» ABOUT THIS TASK: Print the whole listing below exactly as given, pictures excluded.

» EXERCISE DATA:
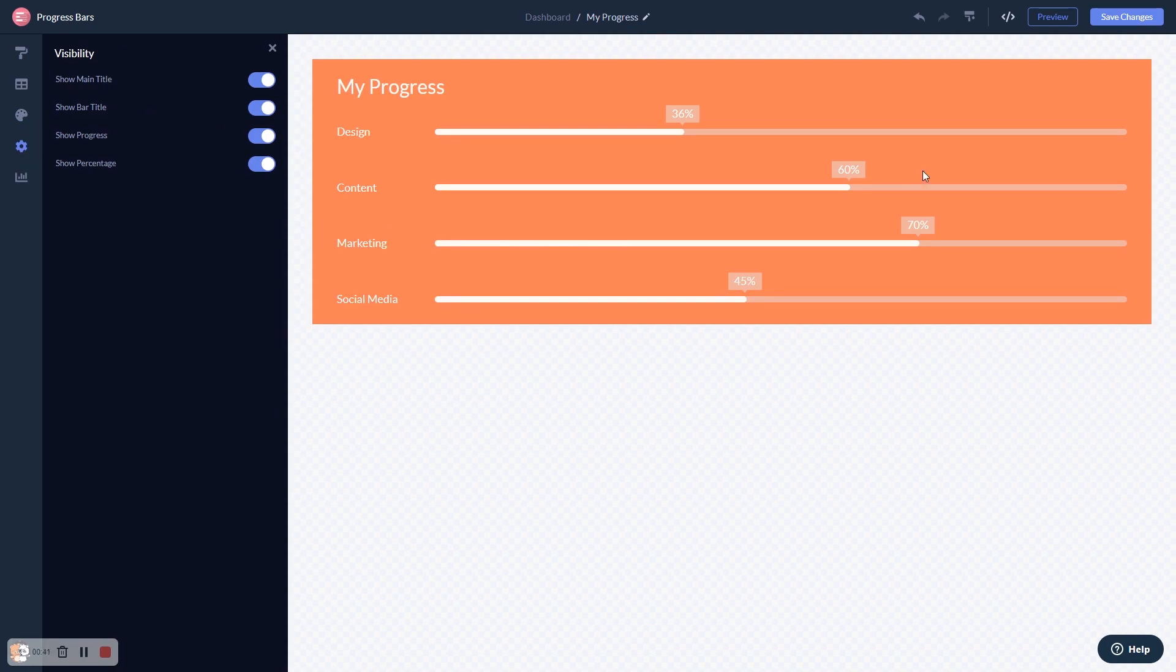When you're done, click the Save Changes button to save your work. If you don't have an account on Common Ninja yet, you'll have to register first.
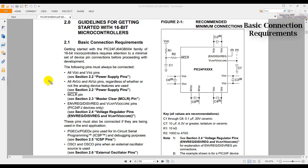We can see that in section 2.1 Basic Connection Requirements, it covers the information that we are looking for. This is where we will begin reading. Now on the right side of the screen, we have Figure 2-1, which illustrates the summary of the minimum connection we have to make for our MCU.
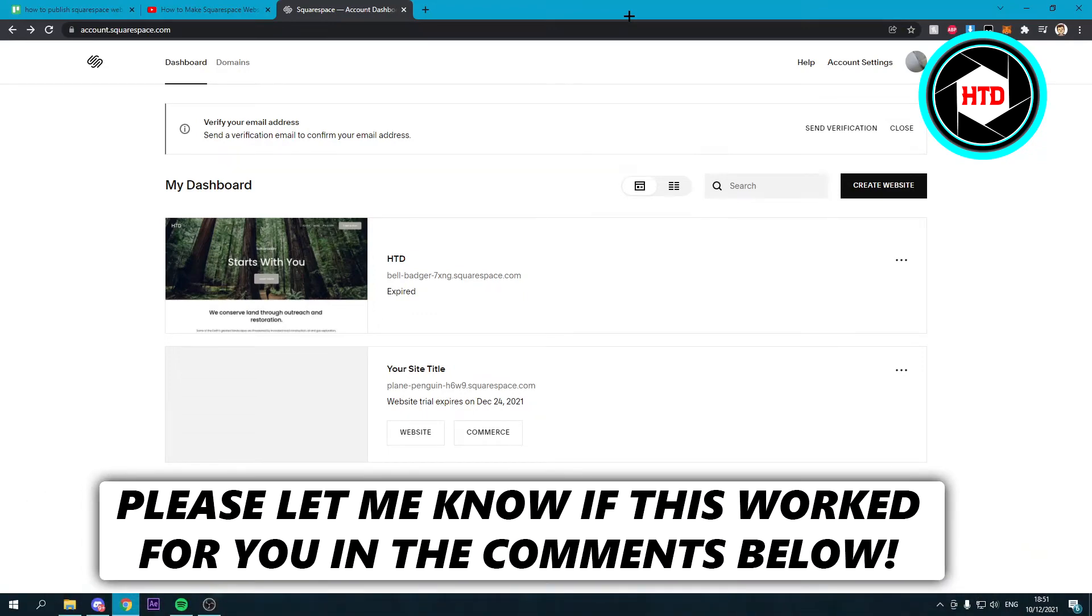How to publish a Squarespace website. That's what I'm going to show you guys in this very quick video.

» TASK RESULT:
When you're done, click the Save Changes button to save your work. If you don't have an account on Common Ninja yet, you'll have to register first.
We can see that in section 2.1 Basic Connection Requirements, it covers the information that we are looking for. This is where we will begin reading. Now on the right side of the screen, we have Figure 2-1, which illustrates the summary of the minimum connection we have to make for our MCU.
How to publish a Squarespace website. That's what I'm going to show you guys in this very quick video.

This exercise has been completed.